(TASK GOAL)
From the line that holds "BÖGRE PORCELÁN 9,5X8,5CM 3F. 500ML" to the end of the records, reproduce every line exactly. No pictures.

(SOURCE DATA)
-.-.-

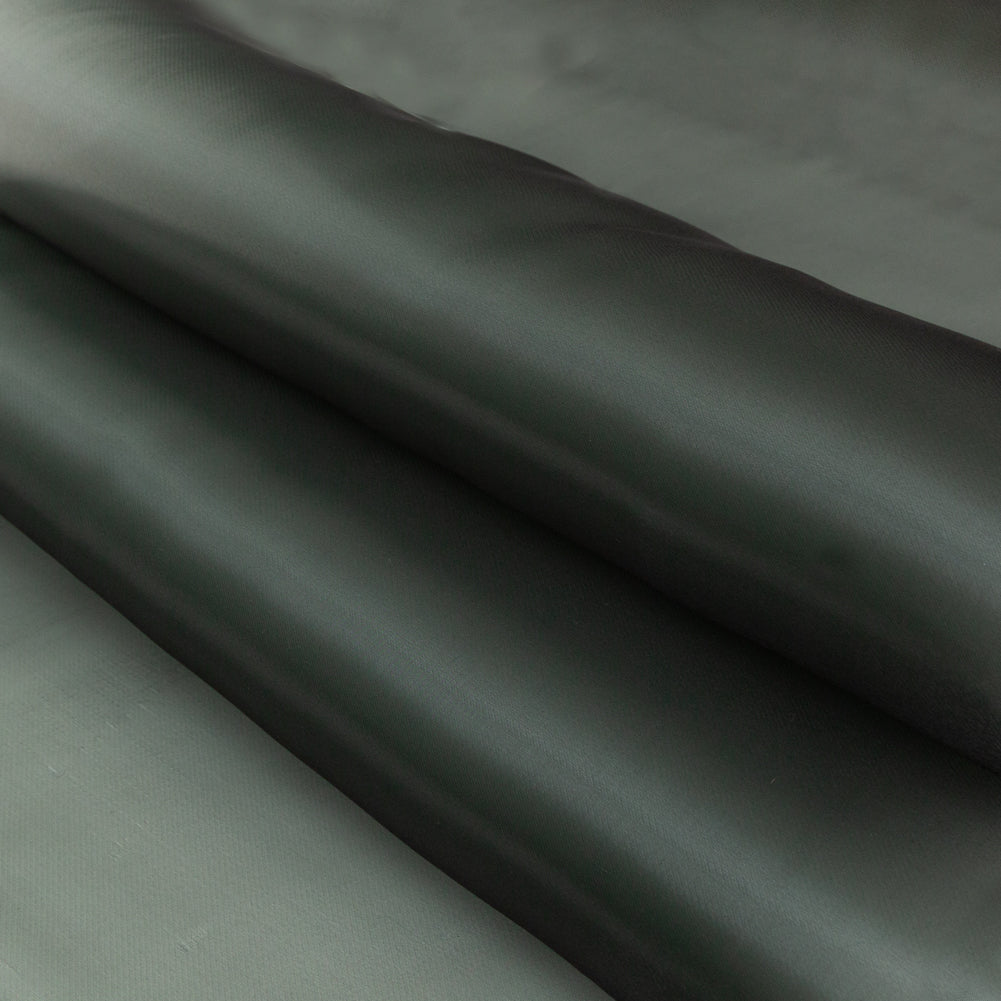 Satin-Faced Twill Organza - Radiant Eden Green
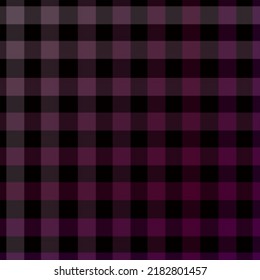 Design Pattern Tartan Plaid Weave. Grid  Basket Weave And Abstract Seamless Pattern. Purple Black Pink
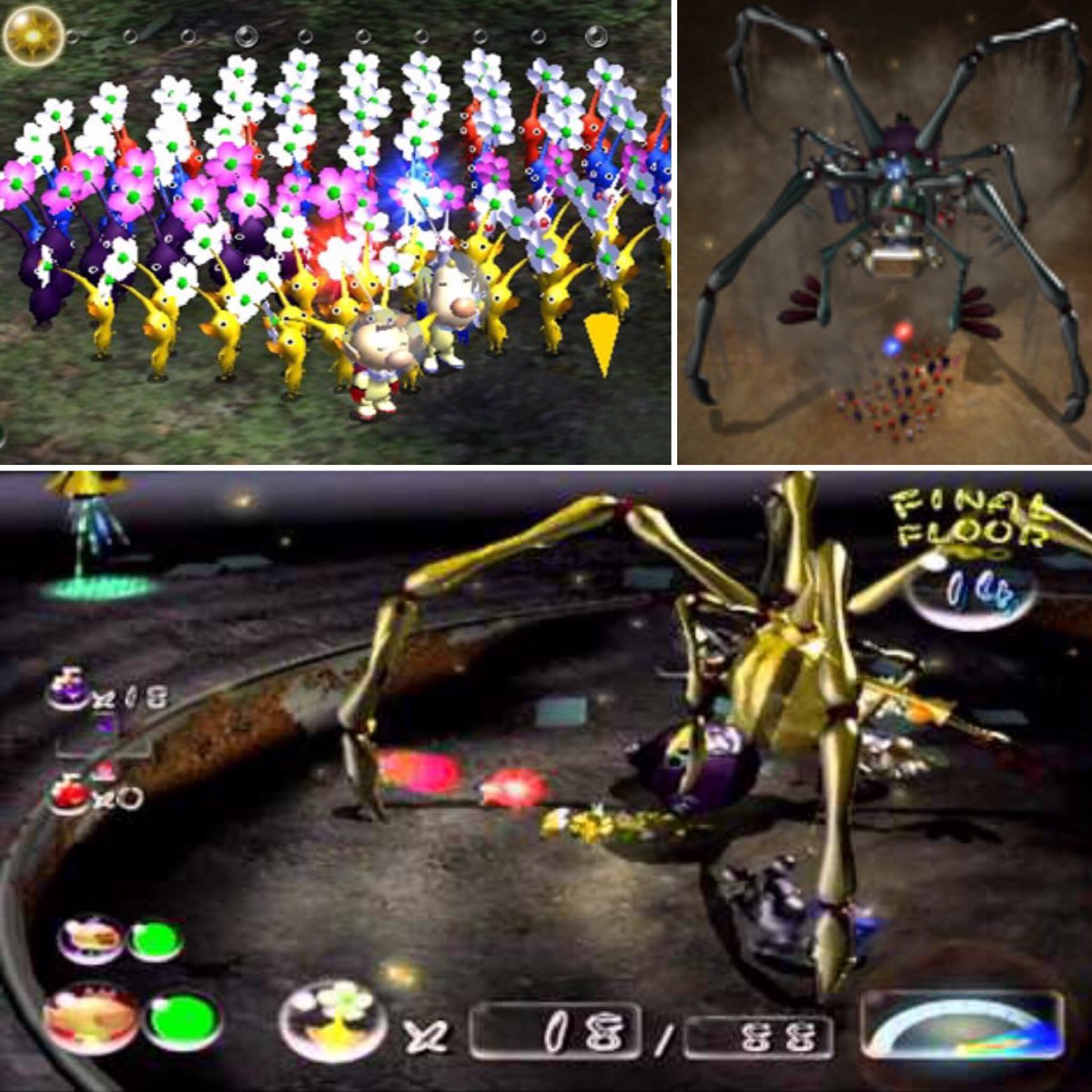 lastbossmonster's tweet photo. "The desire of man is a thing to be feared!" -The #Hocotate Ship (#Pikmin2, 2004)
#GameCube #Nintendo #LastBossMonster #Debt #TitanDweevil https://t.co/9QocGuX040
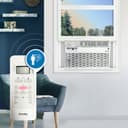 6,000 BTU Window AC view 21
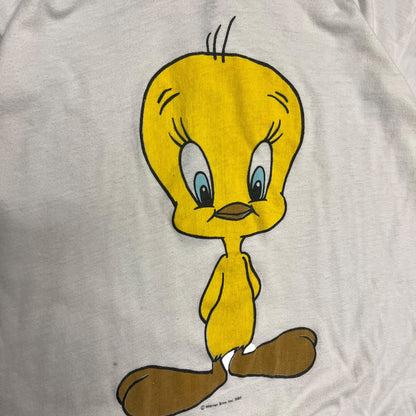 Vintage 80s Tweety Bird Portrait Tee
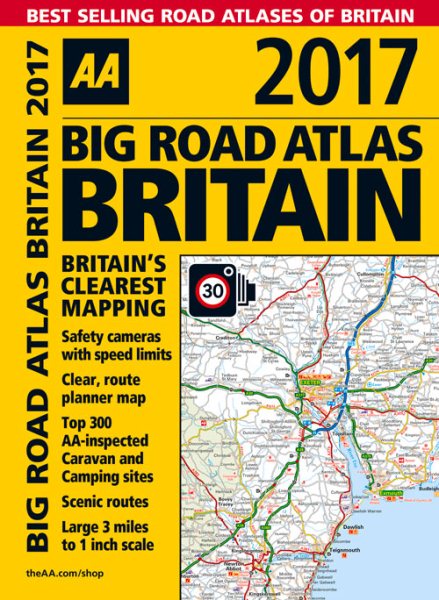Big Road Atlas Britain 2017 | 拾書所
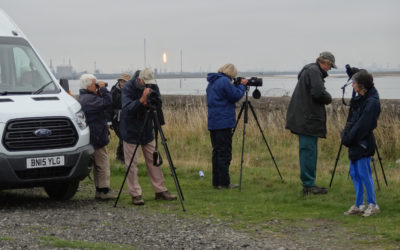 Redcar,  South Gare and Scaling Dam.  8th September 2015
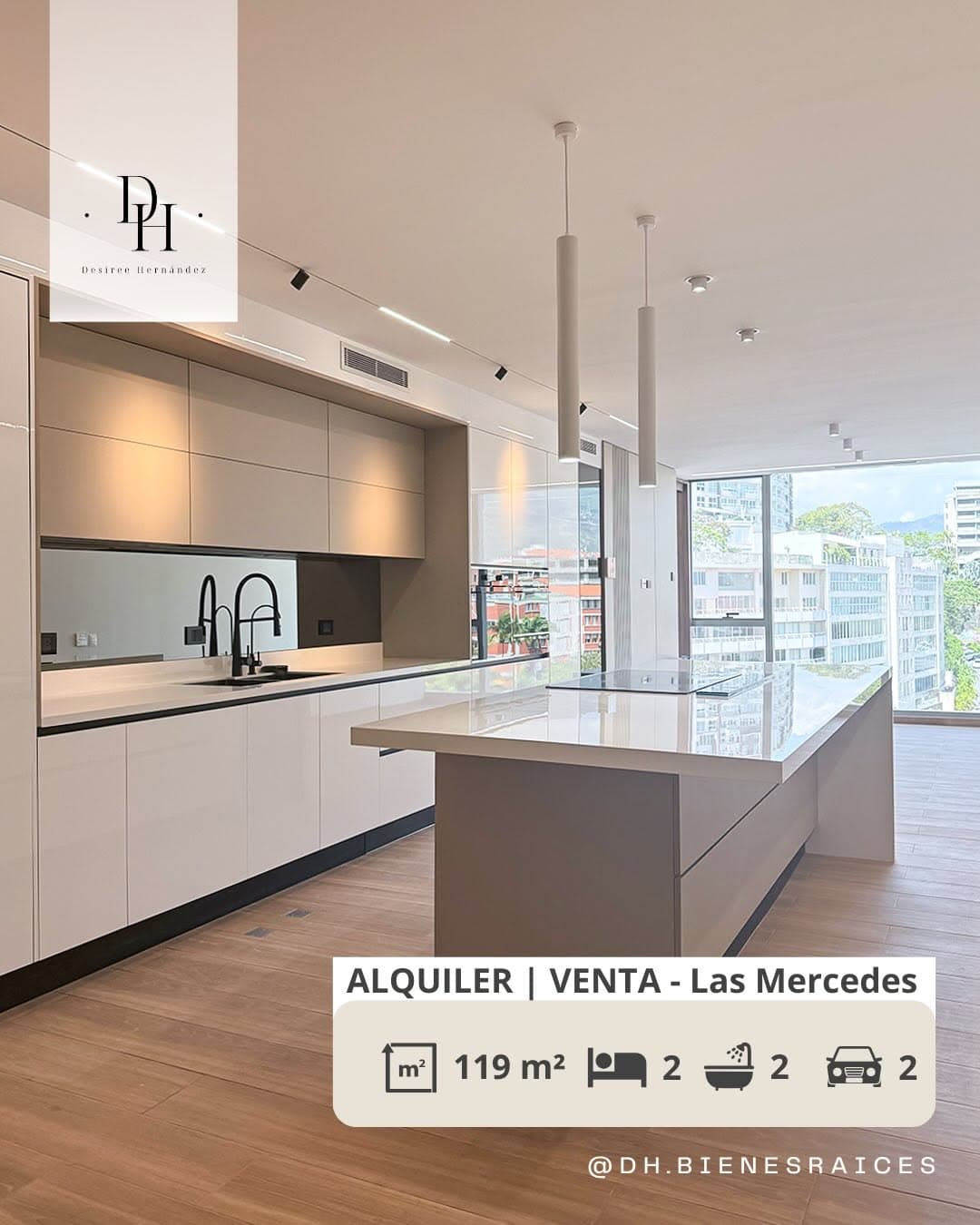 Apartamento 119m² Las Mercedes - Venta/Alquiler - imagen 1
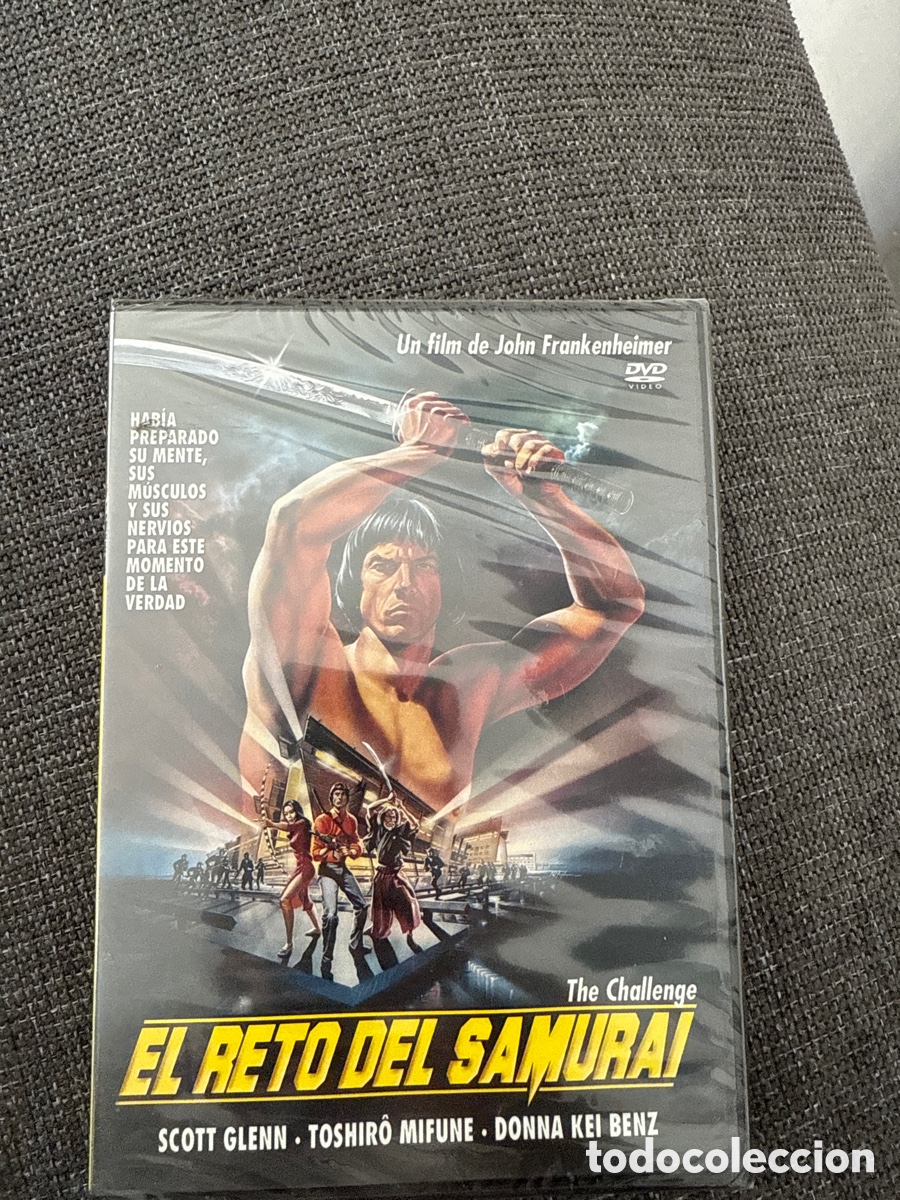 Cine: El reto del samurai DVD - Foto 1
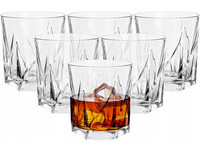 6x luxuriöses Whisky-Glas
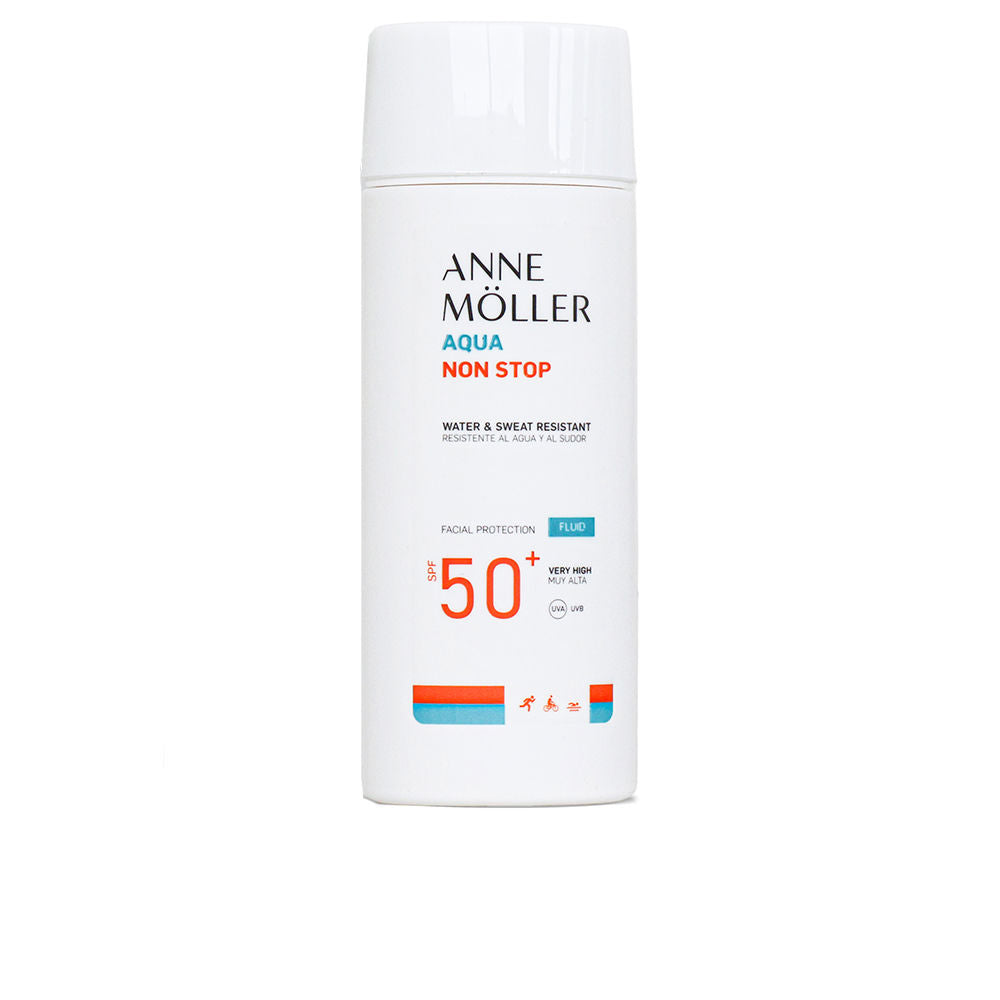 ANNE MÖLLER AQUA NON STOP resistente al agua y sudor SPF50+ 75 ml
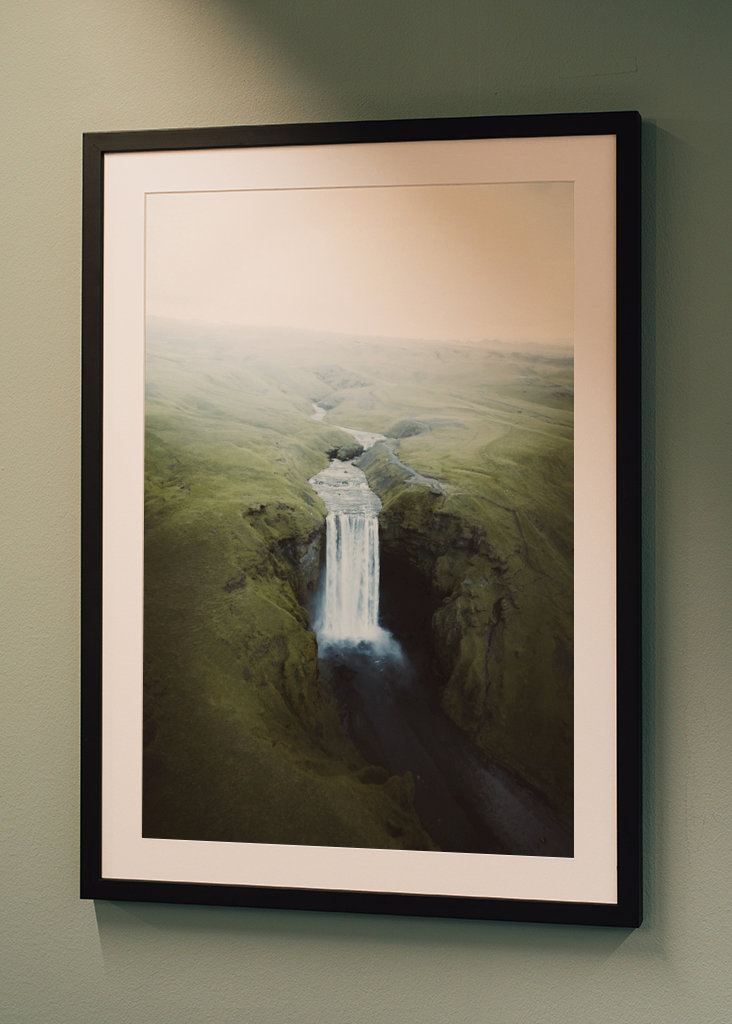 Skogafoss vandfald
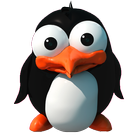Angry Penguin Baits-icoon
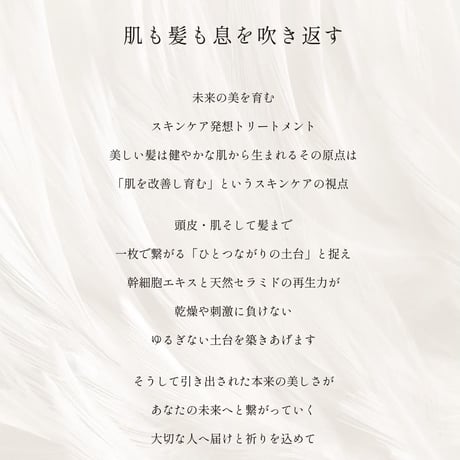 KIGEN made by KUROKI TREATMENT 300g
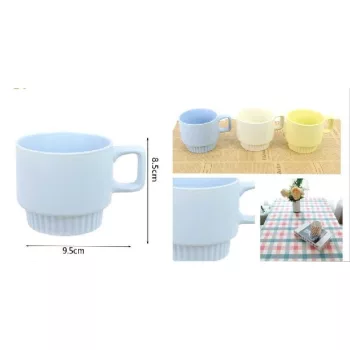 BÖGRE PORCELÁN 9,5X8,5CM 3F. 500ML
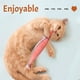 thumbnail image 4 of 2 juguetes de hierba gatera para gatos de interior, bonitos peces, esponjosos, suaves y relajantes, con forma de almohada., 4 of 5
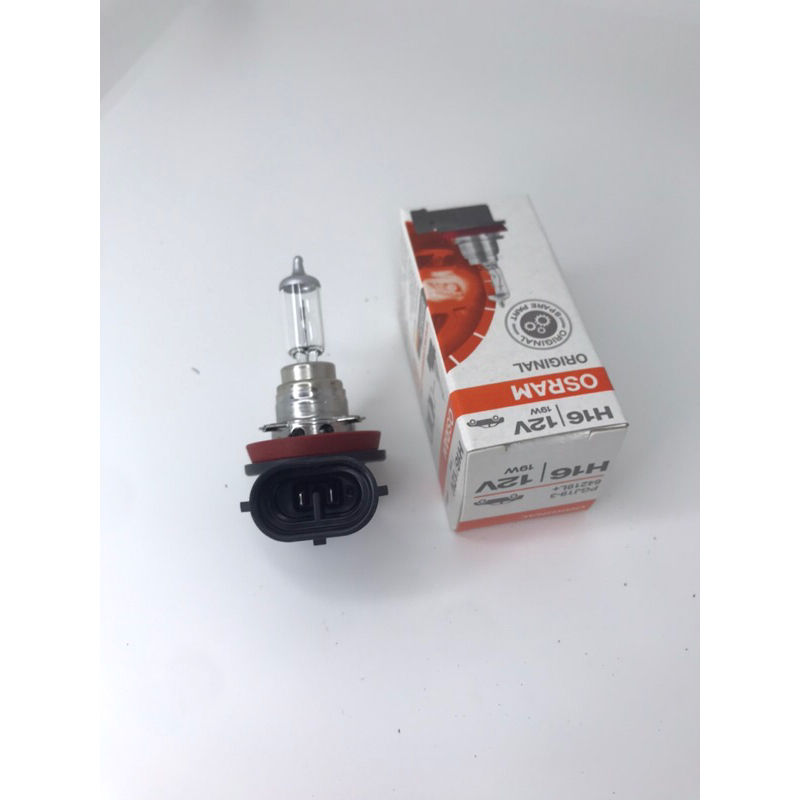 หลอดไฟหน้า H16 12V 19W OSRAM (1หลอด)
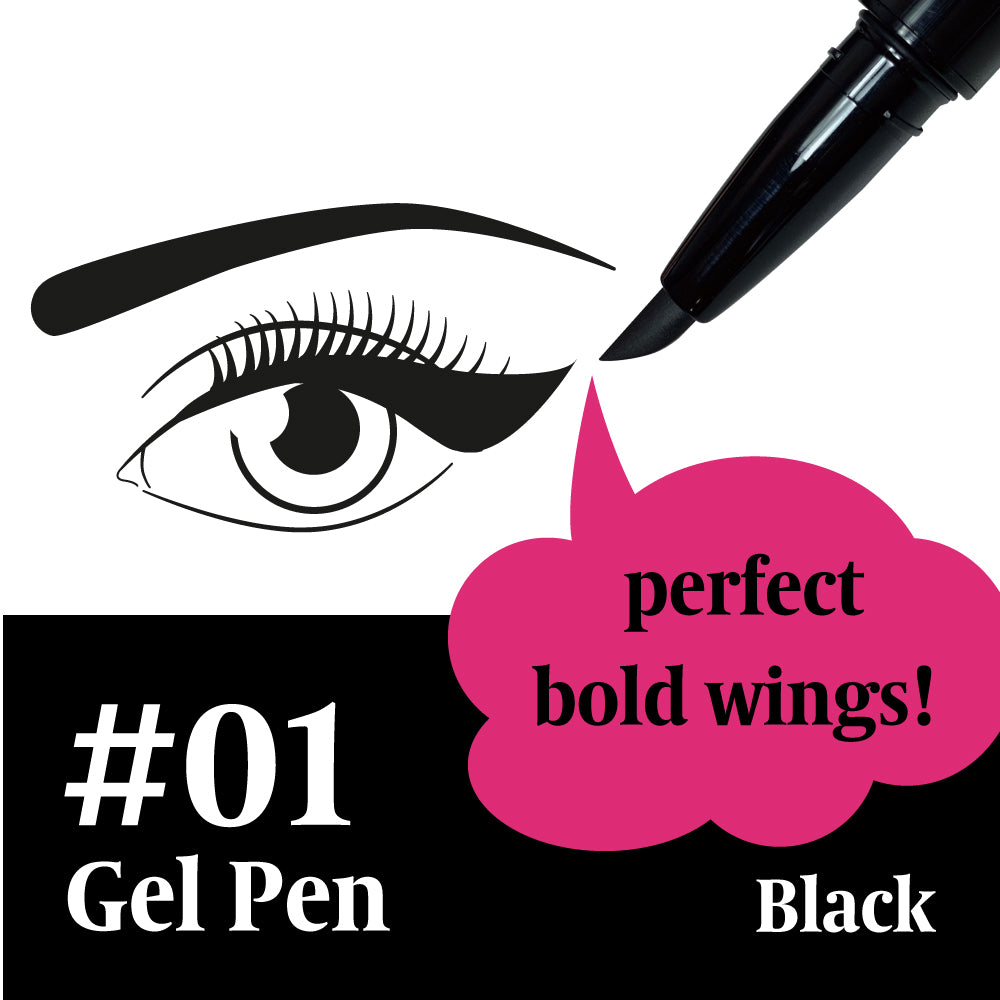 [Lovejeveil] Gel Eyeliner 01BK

-.-.-

(ANSWER FOR THE TASK)
 BÖGRE PORCELÁN 9,5X8,5CM 3F. 500ML
 thumbnail image 4 of 2 juguetes de hierba gatera para gatos de interior, bonitos peces, esponjosos, suaves y relajantes, con forma de almohada., 4 of 5
 หลอดไฟหน้า H16 12V 19W OSRAM (1หลอด)
 [Lovejeveil] Gel Eyeliner 01BK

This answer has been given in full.